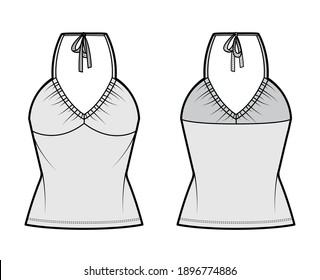 Top V-neck halter tank technical fashion illustration with empire seam, thin tieback, slim fit, bow, tunic length. Flat outwear template front, back, grey color. Women men unisex CAD mockup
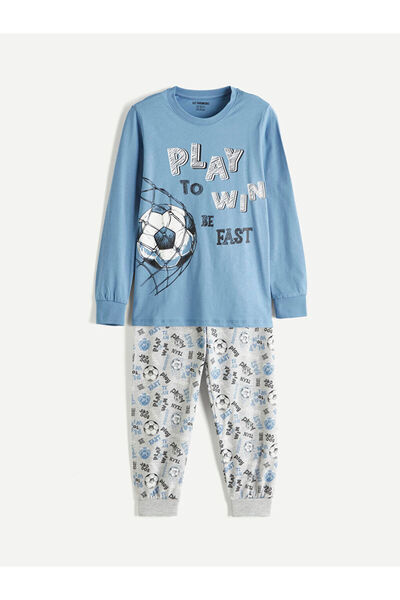 LC Waikiki Синьо колело Яка Печатни момчешки пижами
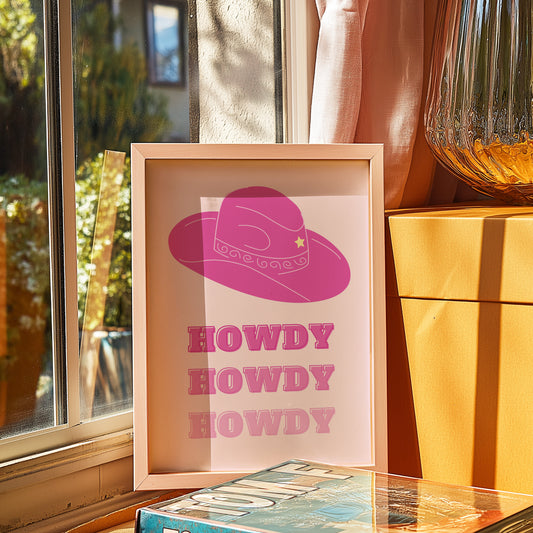 Howdy Cowboy Hat Art Print: Western Charm for Your Home Décor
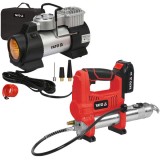 Yato YT-07020 + YT-73460 - Masina de gresat cu 1 acumulator Li-Ion 18 V 3 Ah 620 bar + Compresor auto 40 l/min 10 bar accesorii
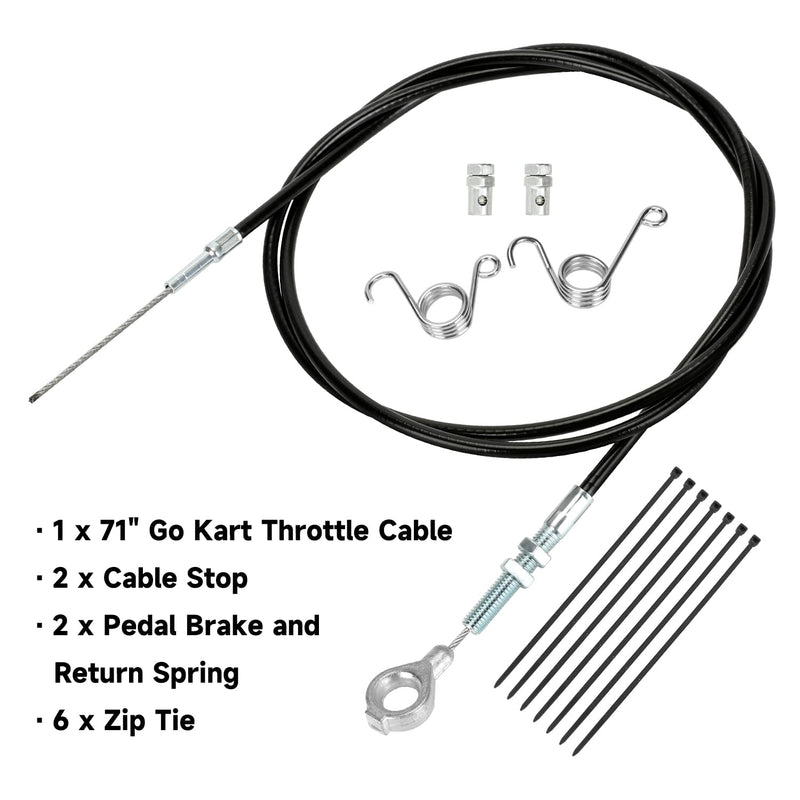 HIAORS 71 inch Throttle Cable for Go Kart Predator 212cc 196cc GX160 GX200 6.5hp Manco 8252-1390 ASW Kandi Yerf Dog Go Cart Parts with Throttle Pedal Brake and Return Spring Cable Stops 1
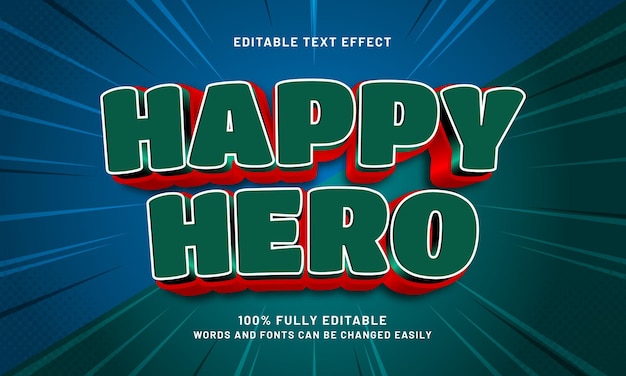héroe feliz efectos de texto editables con un tema infantil y cómico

■ ■ ■

* [EXERCISE OBJECTIVE] Once more, please print the whole listing exactly, omitting each image.

* [FINAL ANSWER]
 Top V-neck halter tank technical fashion illustration with empire seam, thin tieback, slim fit, bow, tunic length. Flat outwear template front, back, grey color. Women men unisex CAD mockup
 LC Waikiki Синьо колело Яка Печатни момчешки пижами
 Howdy Cowboy Hat Art Print: Western Charm for Your Home Décor
 Yato YT-07020 + YT-73460 - Masina de gresat cu 1 acumulator Li-Ion 18 V 3 Ah 620 bar + Compresor auto 40 l/min 10 bar accesorii
 HIAORS 71 inch Throttle Cable for Go Kart Predator 212cc 196cc GX160 GX200 6.5hp Manco 8252-1390 ASW Kandi Yerf Dog Go Cart Parts with Throttle Pedal Brake and Return Spring Cable Stops 1
héroe feliz efectos de texto editables con un tema infantil y cómico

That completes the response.